__Provided data__:
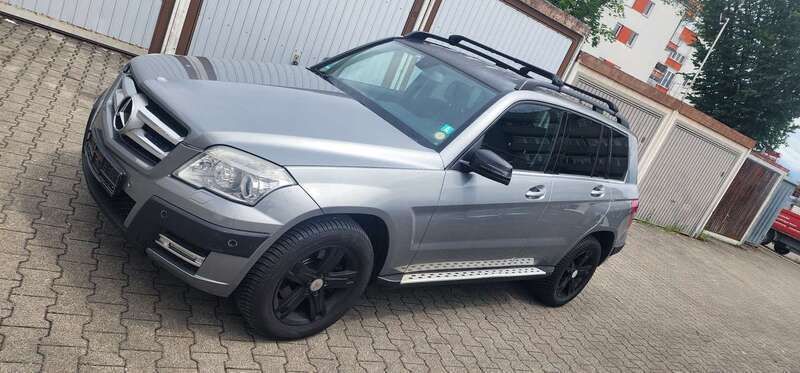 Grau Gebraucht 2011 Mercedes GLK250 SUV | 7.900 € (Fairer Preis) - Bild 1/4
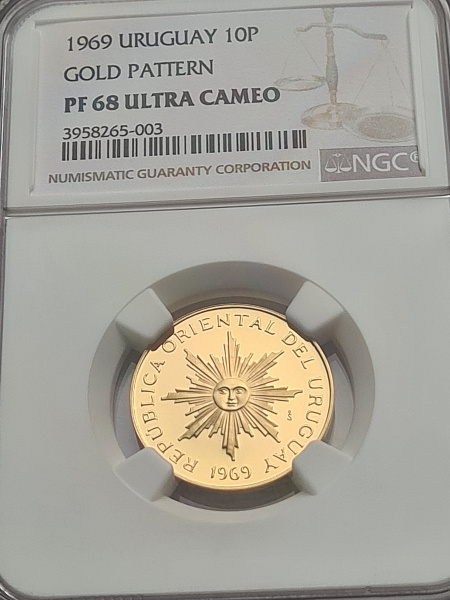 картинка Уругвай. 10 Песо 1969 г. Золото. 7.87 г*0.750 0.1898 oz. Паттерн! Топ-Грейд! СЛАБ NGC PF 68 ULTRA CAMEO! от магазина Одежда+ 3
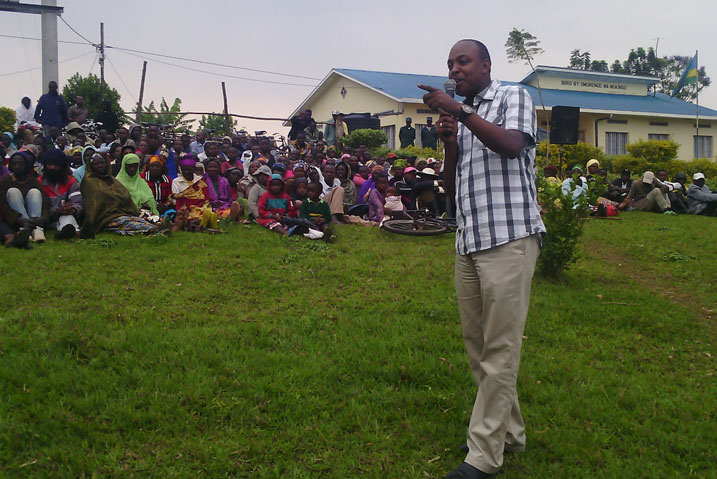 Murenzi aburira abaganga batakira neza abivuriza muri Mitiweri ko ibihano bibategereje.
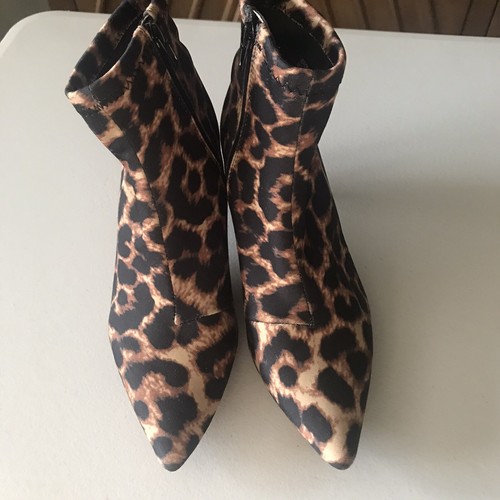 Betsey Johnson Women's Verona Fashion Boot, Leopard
...
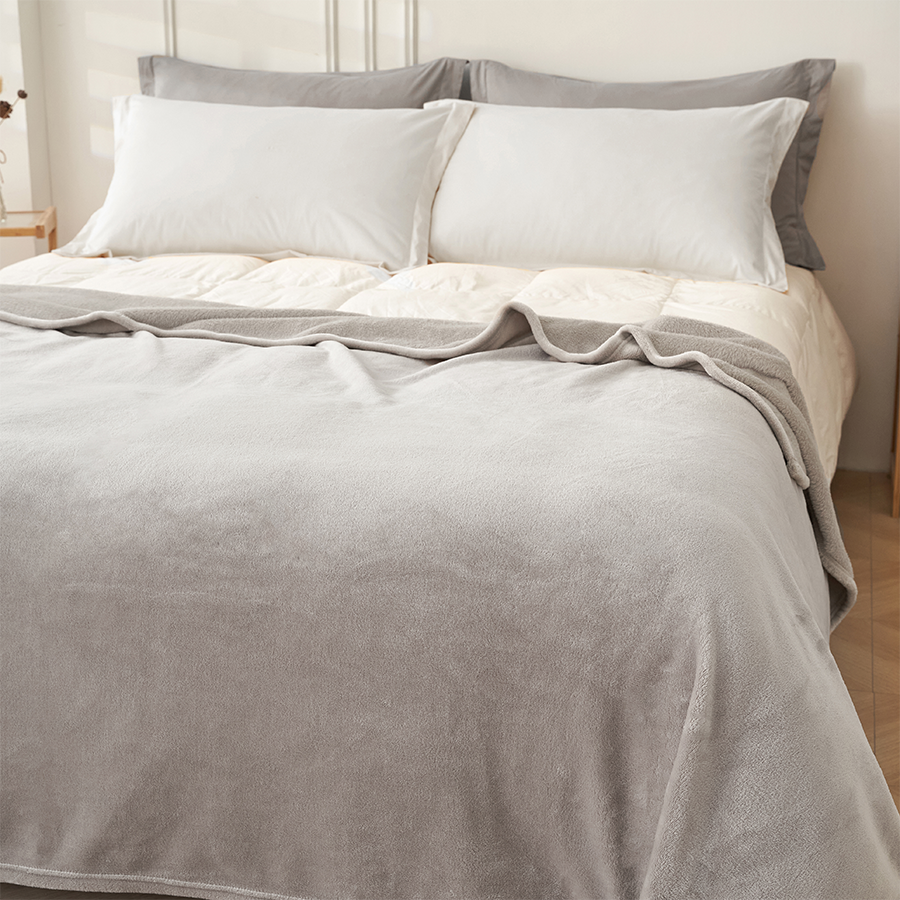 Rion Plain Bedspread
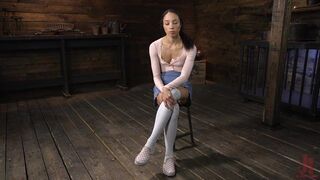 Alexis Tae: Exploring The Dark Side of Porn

__Required work__:
Although the records above contain pictures, the copy must not; set down exactly the lines from the one with "Grau Gebraucht 2011" up to and including the one with "Betsey Johnson Women's".

__Exercise answer__:
 Grau Gebraucht 2011 Mercedes GLK250 SUV | 7.900 € (Fairer Preis) - Bild 1/4
 картинка Уругвай. 10 Песо 1969 г. Золото. 7.87 г*0.750 0.1898 oz. Паттерн! Топ-Грейд! СЛАБ NGC PF 68 ULTRA CAMEO! от магазина Одежда+ 3
 Murenzi aburira abaganga batakira neza abivuriza muri Mitiweri ko ibihano bibategereje.
 Betsey Johnson Women's Verona Fashion Boot, Leopard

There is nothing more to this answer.